*WHAT TO PRODUCE*: Leave every picture out and return the rest of the listing verbatim.

*STORED DATA*:
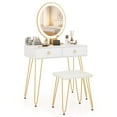 thumbnail image 2 of Costway Coiffeuse avec 3 Modes d'Éclairage, Miroir, Interrupteur Tactile, Blanc, 2 of 10
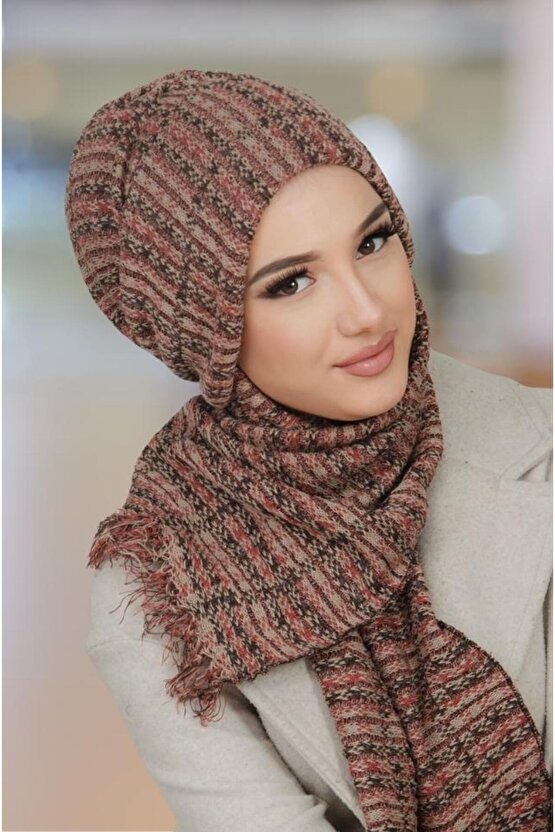 Taba Triko Kelebek Bone Şal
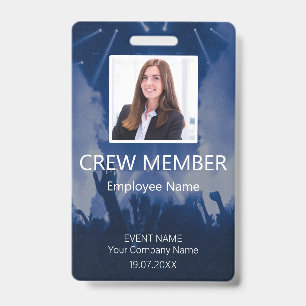 Custom Crew Member QR Code Event Blue Badg Badge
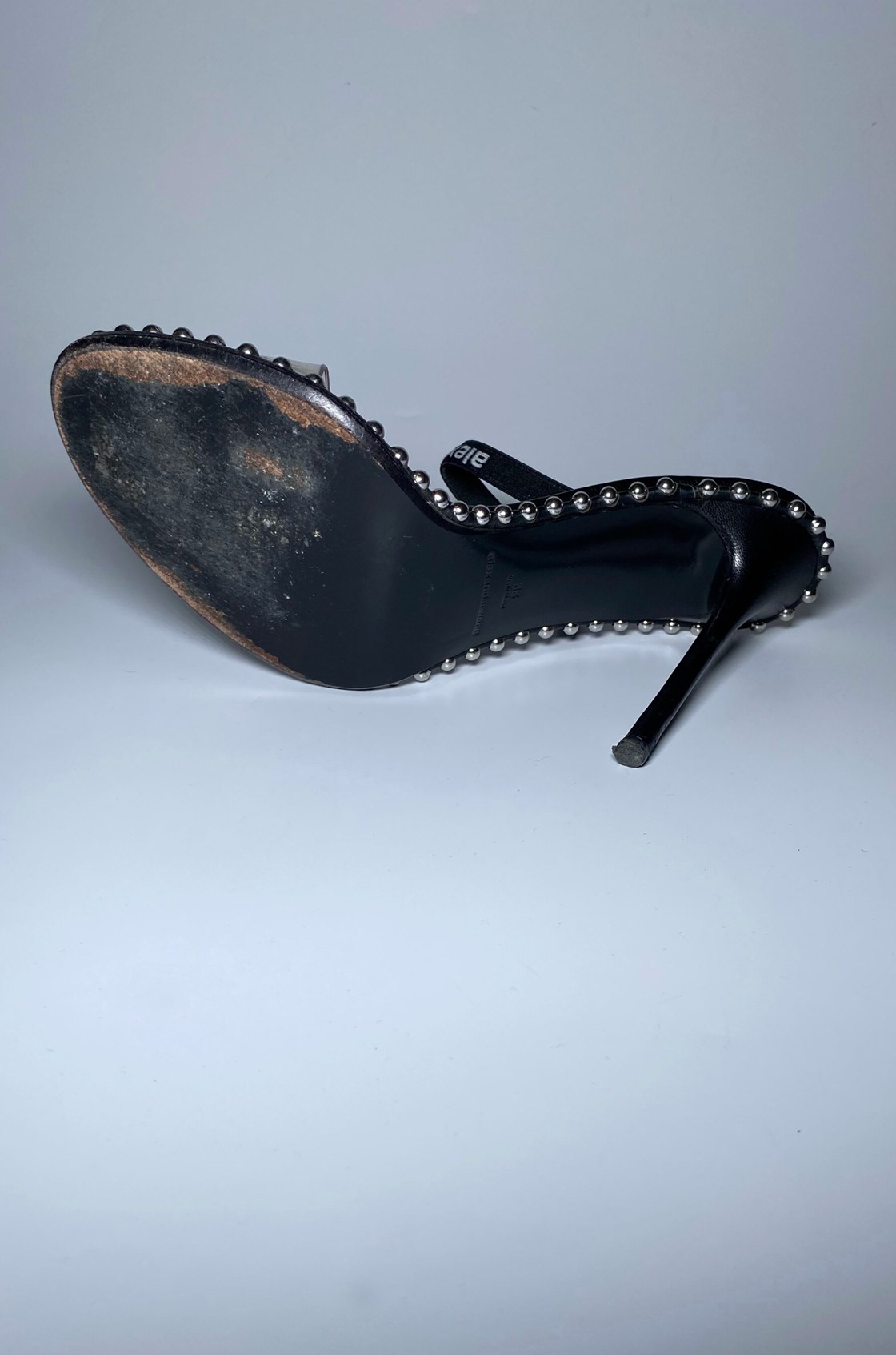 Alexander Wang Nova Tek Bant Siyah Topuklu Ayakkabı (38)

*SOLUTION*:
 thumbnail image 2 of Costway Coiffeuse avec 3 Modes d'Éclairage, Miroir, Interrupteur Tactile, Blanc, 2 of 10
 Taba Triko Kelebek Bone Şal
 Custom Crew Member QR Code Event Blue Badg Badge
 Alexander Wang Nova Tek Bant Siyah Topuklu Ayakkabı (38)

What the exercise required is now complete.